◆ INFORMATION SUPPLIED:
******************************
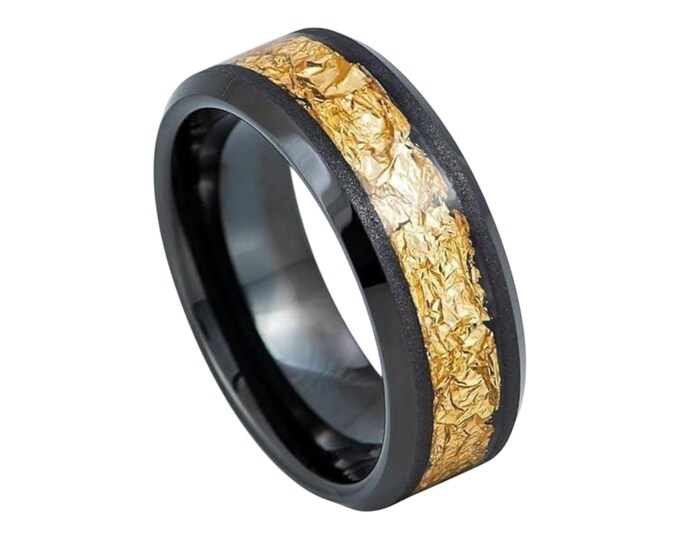 Tungsten Jeweler Free Personalized laser engraving Ring for Men and Ring for WomenBlack IP Plated with Golden Foil Inlay – 8mm Wedding Band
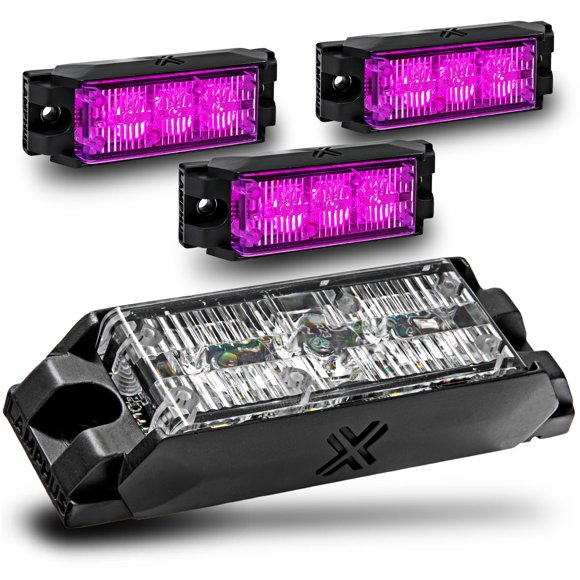 LAMPHUS 4pc NanoFlare 3.5" 3W Purple LED Surface Mount Police Grill Strobe Warning Lights [SAE Class 1] 12V Rectangle Grille Flashing Emergency Fire Lights for Funeral Escort Service Vehicle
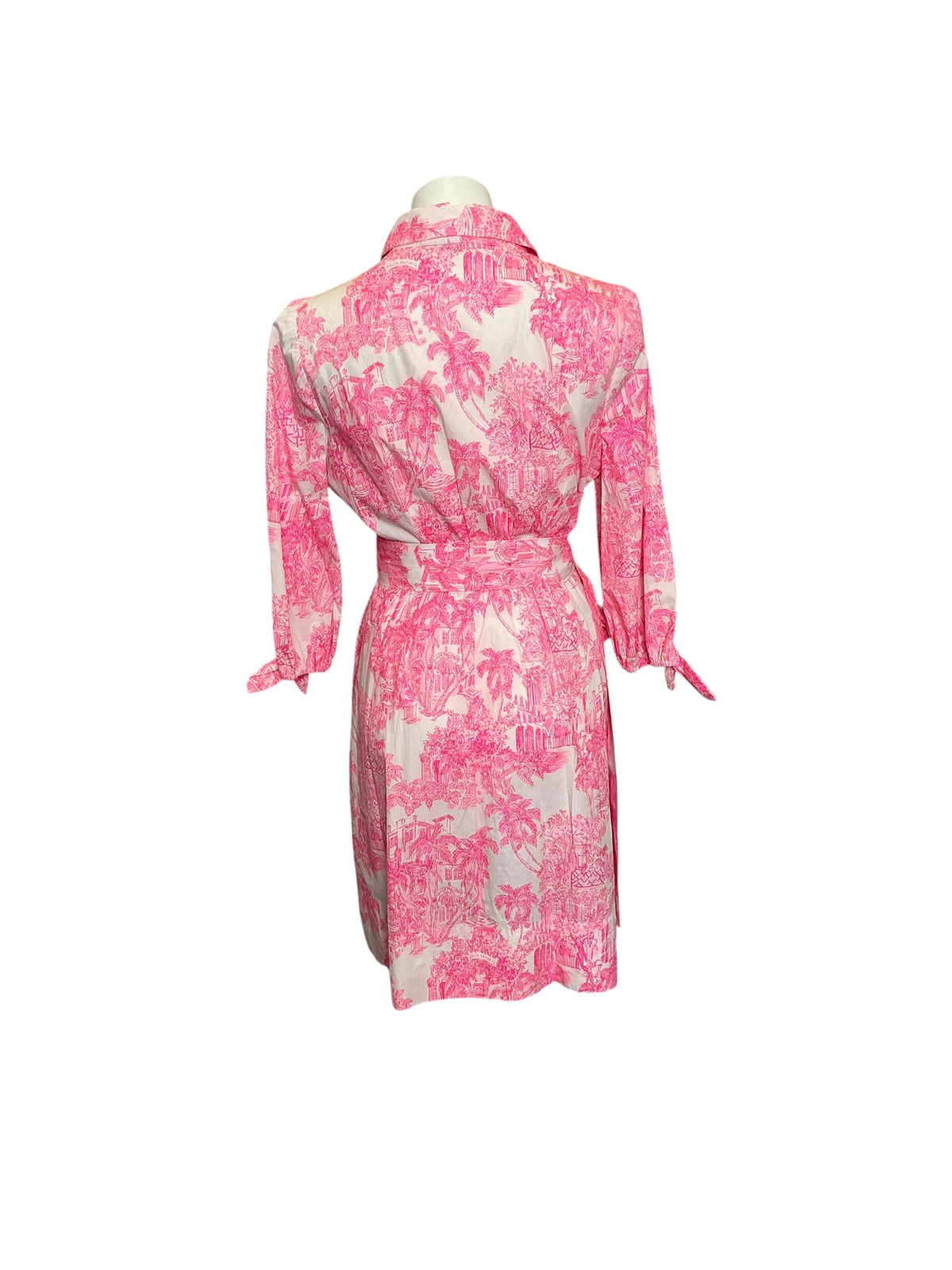 Lilly Pulitzer Amrita 3/4 Sleeve Cotton Shirtdress Resort White PB Anniversary Toile - Size 10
******************************
◆ HOW TO COMPLETE THIS TASK: Transcribe the full listing above exactly as it stands, minus the pictures.

◆ EXERCISE SOLUTION:
 Tungsten Jeweler Free Personalized laser engraving Ring for Men and Ring for WomenBlack IP Plated with Golden Foil Inlay – 8mm Wedding Band
 LAMPHUS 4pc NanoFlare 3.5" 3W Purple LED Surface Mount Police Grill Strobe Warning Lights [SAE Class 1] 12V Rectangle Grille Flashing Emergency Fire Lights for Funeral Escort Service Vehicle
 Lilly Pulitzer Amrita 3/4 Sleeve Cotton Shirtdress Resort White PB Anniversary Toile - Size 10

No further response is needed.